RECORDED INFORMATION:

.....

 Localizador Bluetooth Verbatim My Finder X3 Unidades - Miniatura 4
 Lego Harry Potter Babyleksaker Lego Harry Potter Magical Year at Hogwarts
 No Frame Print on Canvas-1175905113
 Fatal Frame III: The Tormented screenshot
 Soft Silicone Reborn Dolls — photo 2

.....

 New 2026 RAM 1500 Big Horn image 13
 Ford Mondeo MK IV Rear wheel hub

.....

WHAT YOU ARE ASKED TO DO:
Counting only lines above that contain the string "Frame", report how many there are and write nothing further.

ANSWER BELOW:
2